Once to our destination I couldnt wait to wet a line. My fiance had her heart set on touring a wildlife sanctuary, after I looked at the map of the place and seeing "Trout Lake" I figured there could be some fish involved. Little did I know it was actually a swimming pool! Yes, a real live swimming pool where guests can take a dip and lay out on lawn chairs. My hopes of fishing there were crushed until I saw 4 antique looking rods behind the bar. A couple hundred colones later the bartender let me get one off the wall, rig it with a rusty hook and try my luck in this pool. I wasnt too optimistic but he swore there were rainbow trout in there, since I couldnt see the bottom I couldnt doubt him. First cast and BAM, sure enough fish on! A few cervezas and a couple more fish later and I was a believer. Good start to the trip.

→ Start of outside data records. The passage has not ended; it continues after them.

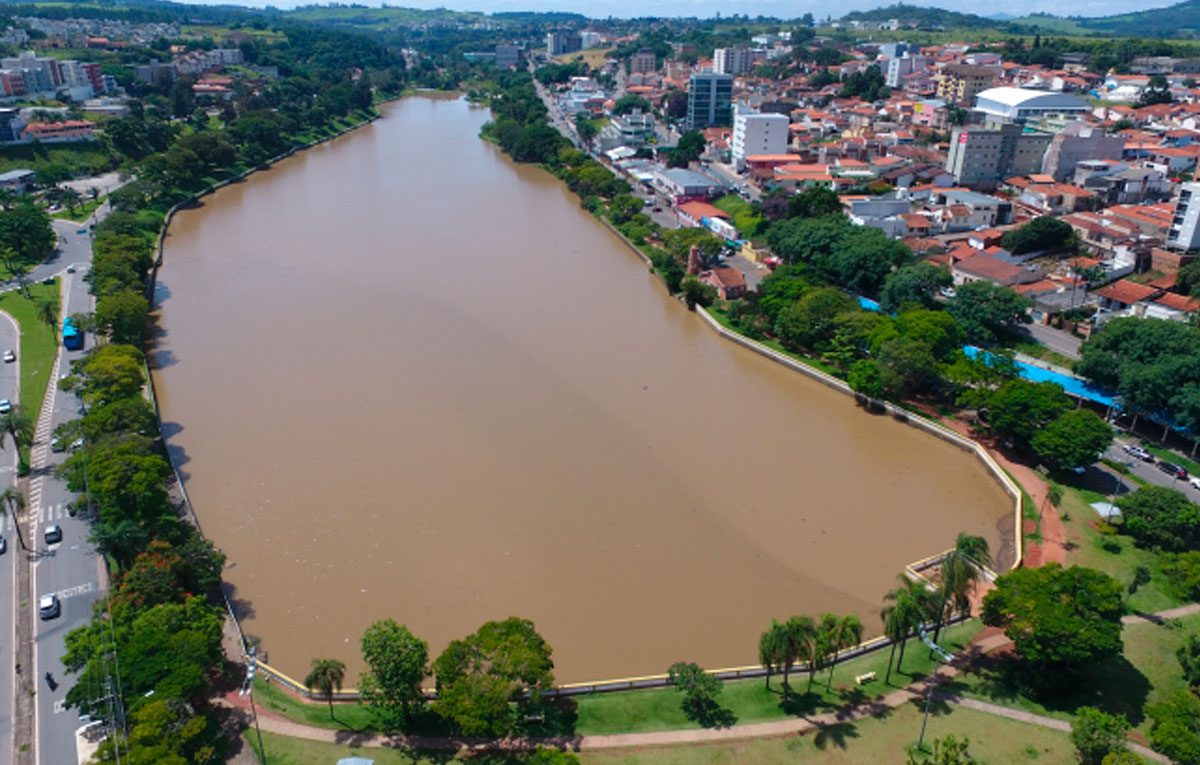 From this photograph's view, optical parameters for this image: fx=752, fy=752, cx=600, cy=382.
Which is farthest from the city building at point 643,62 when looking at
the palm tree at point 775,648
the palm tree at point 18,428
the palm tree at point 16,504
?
the palm tree at point 775,648

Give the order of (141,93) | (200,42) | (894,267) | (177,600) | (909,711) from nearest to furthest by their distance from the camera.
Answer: (909,711) → (177,600) → (894,267) → (141,93) → (200,42)

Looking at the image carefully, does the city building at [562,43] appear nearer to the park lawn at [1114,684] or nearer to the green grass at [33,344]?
the green grass at [33,344]

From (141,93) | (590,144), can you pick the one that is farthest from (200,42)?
(590,144)

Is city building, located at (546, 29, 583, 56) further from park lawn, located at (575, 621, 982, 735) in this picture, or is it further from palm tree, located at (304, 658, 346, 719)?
palm tree, located at (304, 658, 346, 719)

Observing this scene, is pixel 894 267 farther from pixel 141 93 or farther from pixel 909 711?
pixel 141 93

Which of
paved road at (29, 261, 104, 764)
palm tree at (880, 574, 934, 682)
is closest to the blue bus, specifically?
paved road at (29, 261, 104, 764)

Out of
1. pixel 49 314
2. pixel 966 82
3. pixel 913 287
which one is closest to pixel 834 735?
pixel 913 287

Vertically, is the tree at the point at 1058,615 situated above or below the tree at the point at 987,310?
below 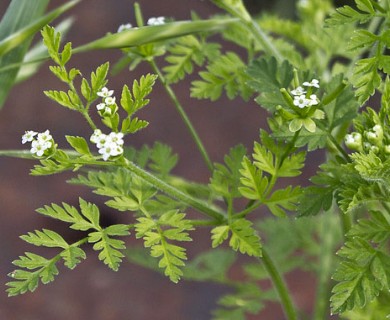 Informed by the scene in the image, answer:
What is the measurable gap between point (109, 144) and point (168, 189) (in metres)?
0.08

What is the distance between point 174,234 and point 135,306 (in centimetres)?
149

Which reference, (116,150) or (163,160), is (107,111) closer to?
(116,150)

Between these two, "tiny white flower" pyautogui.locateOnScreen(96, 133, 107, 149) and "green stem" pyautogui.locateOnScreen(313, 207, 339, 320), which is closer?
"tiny white flower" pyautogui.locateOnScreen(96, 133, 107, 149)

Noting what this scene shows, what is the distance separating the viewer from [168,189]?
0.64 metres

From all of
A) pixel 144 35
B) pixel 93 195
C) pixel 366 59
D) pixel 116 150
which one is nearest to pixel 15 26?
pixel 144 35

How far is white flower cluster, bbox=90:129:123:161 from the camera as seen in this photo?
584 mm

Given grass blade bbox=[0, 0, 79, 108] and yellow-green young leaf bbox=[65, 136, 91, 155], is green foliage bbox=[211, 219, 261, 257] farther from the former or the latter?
grass blade bbox=[0, 0, 79, 108]

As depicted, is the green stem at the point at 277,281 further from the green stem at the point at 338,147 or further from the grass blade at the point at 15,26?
the grass blade at the point at 15,26

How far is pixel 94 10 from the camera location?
2.78 meters

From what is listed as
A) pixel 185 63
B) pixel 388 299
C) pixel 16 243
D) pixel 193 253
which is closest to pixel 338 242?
pixel 388 299

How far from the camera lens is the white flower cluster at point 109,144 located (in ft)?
1.92

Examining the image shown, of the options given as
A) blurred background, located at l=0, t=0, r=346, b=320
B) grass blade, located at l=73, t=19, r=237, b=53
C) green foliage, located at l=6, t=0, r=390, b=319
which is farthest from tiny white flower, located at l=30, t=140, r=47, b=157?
blurred background, located at l=0, t=0, r=346, b=320

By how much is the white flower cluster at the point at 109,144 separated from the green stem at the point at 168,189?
26 mm

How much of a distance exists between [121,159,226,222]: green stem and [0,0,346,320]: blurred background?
1.17 metres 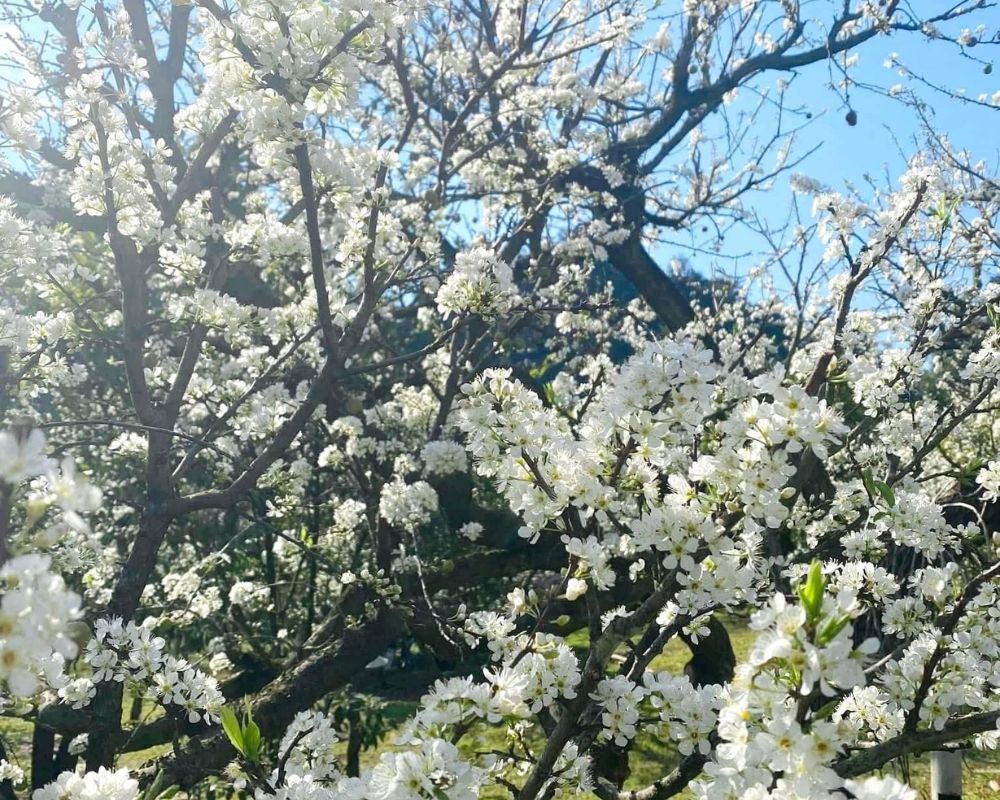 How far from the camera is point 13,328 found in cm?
272

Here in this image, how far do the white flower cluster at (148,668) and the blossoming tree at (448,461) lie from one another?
12 millimetres

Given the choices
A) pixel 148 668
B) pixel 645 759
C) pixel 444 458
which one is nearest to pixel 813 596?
pixel 148 668

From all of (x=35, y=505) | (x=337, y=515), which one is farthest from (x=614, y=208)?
(x=35, y=505)

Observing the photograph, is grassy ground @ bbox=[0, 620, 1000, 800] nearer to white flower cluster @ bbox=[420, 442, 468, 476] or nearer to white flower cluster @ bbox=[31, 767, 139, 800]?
white flower cluster @ bbox=[420, 442, 468, 476]

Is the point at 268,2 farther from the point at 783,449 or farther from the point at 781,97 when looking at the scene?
the point at 781,97

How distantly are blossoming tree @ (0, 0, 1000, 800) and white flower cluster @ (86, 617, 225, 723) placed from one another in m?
A: 0.01

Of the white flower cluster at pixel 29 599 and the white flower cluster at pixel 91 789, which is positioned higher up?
the white flower cluster at pixel 29 599

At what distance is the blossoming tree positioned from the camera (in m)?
1.43

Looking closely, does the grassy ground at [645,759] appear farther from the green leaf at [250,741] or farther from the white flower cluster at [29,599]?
the white flower cluster at [29,599]

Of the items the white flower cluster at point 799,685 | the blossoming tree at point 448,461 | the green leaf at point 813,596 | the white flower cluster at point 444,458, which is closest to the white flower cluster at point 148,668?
the blossoming tree at point 448,461

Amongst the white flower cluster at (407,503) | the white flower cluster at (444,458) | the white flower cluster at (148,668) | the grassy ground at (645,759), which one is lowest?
the grassy ground at (645,759)

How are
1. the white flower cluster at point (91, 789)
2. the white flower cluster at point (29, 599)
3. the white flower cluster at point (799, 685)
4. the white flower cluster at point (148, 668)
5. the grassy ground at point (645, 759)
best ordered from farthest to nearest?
the grassy ground at point (645, 759)
the white flower cluster at point (148, 668)
the white flower cluster at point (91, 789)
the white flower cluster at point (799, 685)
the white flower cluster at point (29, 599)

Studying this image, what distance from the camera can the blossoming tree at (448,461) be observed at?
1.43 meters

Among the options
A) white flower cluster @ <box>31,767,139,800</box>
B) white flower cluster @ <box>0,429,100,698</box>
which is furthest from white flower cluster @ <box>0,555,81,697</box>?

The next day was off to try a diffferent kind of fishing. Volcano fishing in a lake at the base of the La Fortuna volcano. I had been in contact with our Captain and by now he had sold me on catching guapote. I've been an avid angler since the time I could walk so I couldnt sleep the night before knowing I had a chance of catching a new species to add to my list. We got to the lake, met the Captain and as we were headed to the first fishing hole it felt eerily similar to fishing here in Florida with the exception of a roaring volcano in the backdrop. It was a slow day on the lake but we did manage to catch a couple of the targeted species. Hearing an erupting volcano during a back cast is an interesting experience indeed. Guapote are found in Costa Rica and Nicaragua and are nothing like any fish I have seen. There size does them absolutely no justice and until I saw the first one come up I thought I had a 20lb snook on. The best I can describe is that they are a mix of a peacock bass and a mangrove snapper but fight like a jack crevalle and a snook. Excellent eating although these guys were realeased to fight another day.
Although that was fun and different my mind couldnt stop thinking forward to cobalt blue water filled with sails and roosterfish. Everytime my head hit the pillow I had thoughts of our last trip down there where we were literally worn out catching big sails on light spinning rods.
Unfortunately this offshore trip was the opposite result. The weather forced us to stay inland and fish for roosters, which I was OK with. After 8 hours of trolling without a bit we called it a day, but like they say a bad day fishing beats a good day working (especially in Costa Rica).
Tight Lines and Pura Vida!
Capt Ryan Harrington
Great report! That's a bummer about the sail hook-ups, but hey, you're fishing in Costa Rica!!! Not everyone can say that!!
Great memories, and thanks for sharing them.